TL;DR : we propose CamCloneMaster, a framework that enables users to replicate camera movements from reference videos without requiring camera parameters or test-time fine-tuning. CamCloneMaster seamlessly supports reference-based camera control for both I2V and V2V tasks within a unified framework.

Demos

Camera Controlled Image-to-Video Generation

Camera Controlled Video-to-Video Re-Generation

Comparison Results

Camera Controlled Image-to-Video Generation

Camera Controlled Video-to-Video Re-Generation

Abstract

Camera control is crucial for generating expressive and cinematic videos. Existing methods rely on explicit sequences of camera parameters as control conditions, which can be cumbersome for users to construct, particularly for intricate camera movements. To provide a more intuitive camera control method, we propose CamCloneMaster, a framework that enables users to replicate camera movements from reference videos without requiring camera parameters or test-time fine-tuning. CamCloneMaster seamlessly supports reference-based camera control for both Image-to-Video and Video-to-Video tasks within a unified framework. Furthermore, we present the Camera Clone Dataset, a large-scale synthetic dataset designed for camera clone learning, encompassing diverse scenes, subjects, and camera movements. Extensive experiments and user studies demonstrate that CamCloneMaster outperforms existing methods in terms of both camera controllability and visual quality.

Method

Given a camera motion reference video and an optional content reference video as inputs, 3D VAE encoder is utilized to convert reference videos into conditional latents $z_\textrm{cam}$ and $z_\textrm{cont}$. We inject the conditional latents into the model by concatenating them with the noise latent along the frame dimension.
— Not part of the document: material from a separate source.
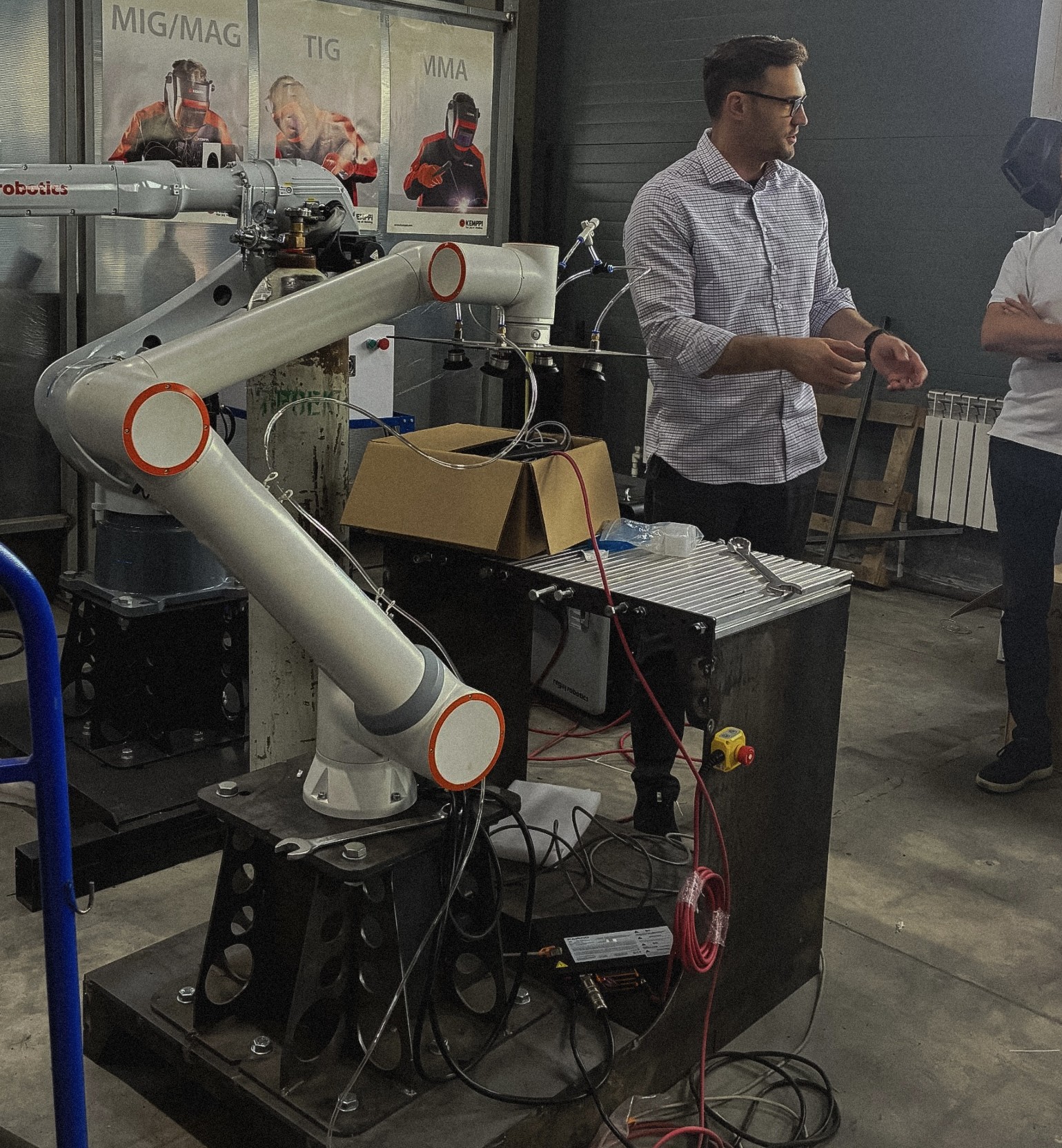 Путешествие в мир роботизации: Уникальная экскурсия на предприятии Pride Automatics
And only 3D spatial-temporal attention layers in DiT Blocks are trainable modules in the training process.

Camera Clone Dataset

Reference-based camera clone learning requires triple video sets: a camera motion reference video $V_\textrm{cam}$, a content reference video $V_{\textrm{cont}}$, and a target video $V$, which recaptures the scene in $V_{\textrm{cont}}$ with the same camera movement as $V_{\textrm{cam}}$. Building such a dataset in the real world is difficult and label-intensive. Therefore, we collect several 3D scenes as background, and put characters into scenes as foreground, each character is combined with a specific animation. Then, multiple paired camera trajectories are designed and shots are made by rendering in Unreal Engine 5.